🤖 AI Summary
This work addresses the challenge of fine-grained semantic alignment in text–audio cross-modal retrieval, which is hindered by the inherent modality gap. To tackle this issue, the authors propose FORTE, a unified framework that uniquely integrates symbolic logical reasoning with representation learning. FORTE enhances semantic invariance and discriminability through first-order logic–guided query refinement and employs a lightweight, parameter-efficient cross-modal projection for alignment. Additionally, it introduces a predicate-aware re-ranking mechanism to enforce logical consistency among retrieved results. Extensive experiments on the AudioCaps and Clotho datasets demonstrate that FORTE significantly outperforms strong existing baselines, achieving particularly notable gains in fine-grained retrieval scenarios.
📝 Abstract
Text-to-audio retrieval has made significant progress with shared embedding models such as CLAP and Pengi, yet they often struggle with fine-grained semantic alignment due to the inherent modality gap between text and audio.
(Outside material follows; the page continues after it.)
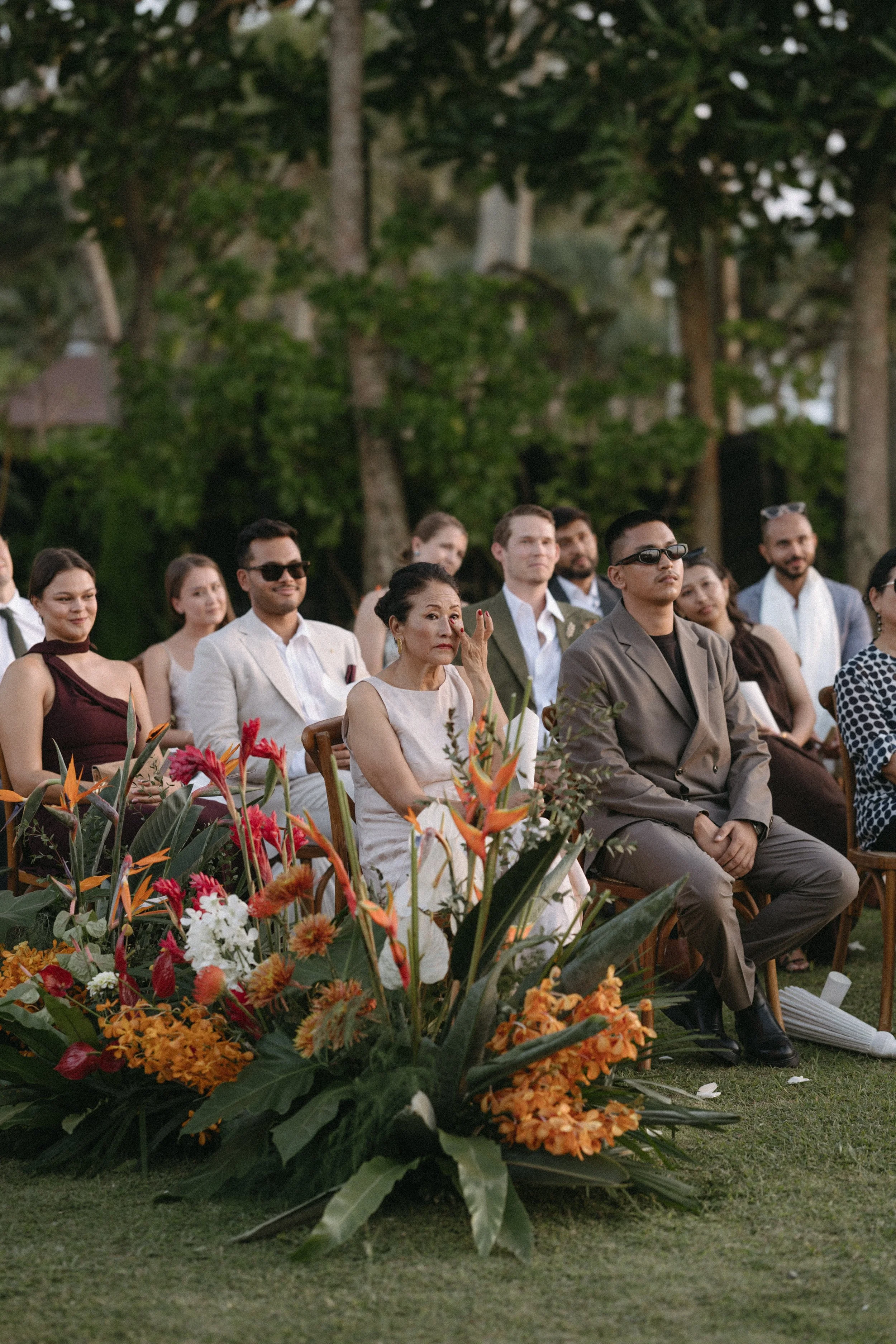 candid portrait of guests' emotional reaction during the intimate outdoor wedding ceremony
In this work, we propose FORTE, a unified framework that integrates structured logical reasoning with parameter-efficient cross-modal alignment to improve retrieval precision. Our approach first transforms queries into first-order logic and refines them via a constrained search that preserves semantic invariance while introducing discriminative attributes. The refined representation is then aligned with audio embeddings using a lightweight projection module, followed by a predicate-aware re-ranking step that enforces logical consistency at inference. Extensive experiments on AudioCaps and Clotho demonstrate consistent improvements over strong baselines, particularly in challenging fine-grained scenarios. Our results highlight the effectiveness of combining symbolic reasoning with representation learning for cross-modal retrieval.